This percolates through into James Bernard's music for the film, with its thundering tribalistic percussion, and in the opening scene Gilling's intercutting between the camera prowling towards the masked Squire (John Carson) engaging in his 'white voodoo', later revealed as the symbolic figure of aristocratic oppression, and the sleeping Alice Tompson (Pearce). The miniature coffins and their crude figures that the Squire drenches in blood pre-figure the various human equivalents: the dead Martinus brother being buried when Sir James Forbes (Andre Morell) and his daughter Sylvia (Diane Clare) arrive in the village in response to Peter Tompson's (Brook Williams) letter and then Alice's own death and resurrection.

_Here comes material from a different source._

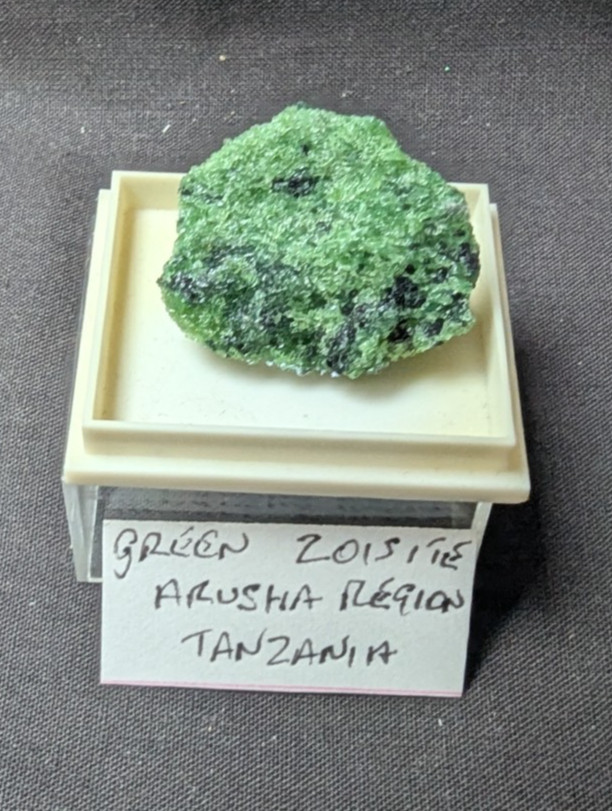 Green Zoisite Crystal Mineral – Arusha Region Tanzania – Cased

Oddly, Alice's surname is clearly seen as 'Thompson' on Alice's coffin but credited as the alternate spelling elsewhere.
This importation of voodoo into Hammer's vision of Victorian England could also perhaps be a reflection of the still simmering racial tensions in the aftermath of the 1958 Notting Hill race riots. While the film exploits the disrupting exoticism of Haiti and its black magic presence in England, it also subverts the nonsense that Contemporary Review writer Esme Wynne-Tyson was trotting out in the late 1950s about the effects of ethnic cultures on British youth: "The 'hot' music, primitive dances, and other sensual practices of the coloured races, have permeated with their devolutionary influences every corner of a once proud civilisation, debasing and obstructing the process of an originally highly ethical people." The Plague of the Zombies turns the tables on this tainting of a "once proud civilisation" and the colonial theme is supplemented with subtexts about class warfare and capitalist exploitation of the working class, using them, what June Pulliam notes in the film, as "dead labour".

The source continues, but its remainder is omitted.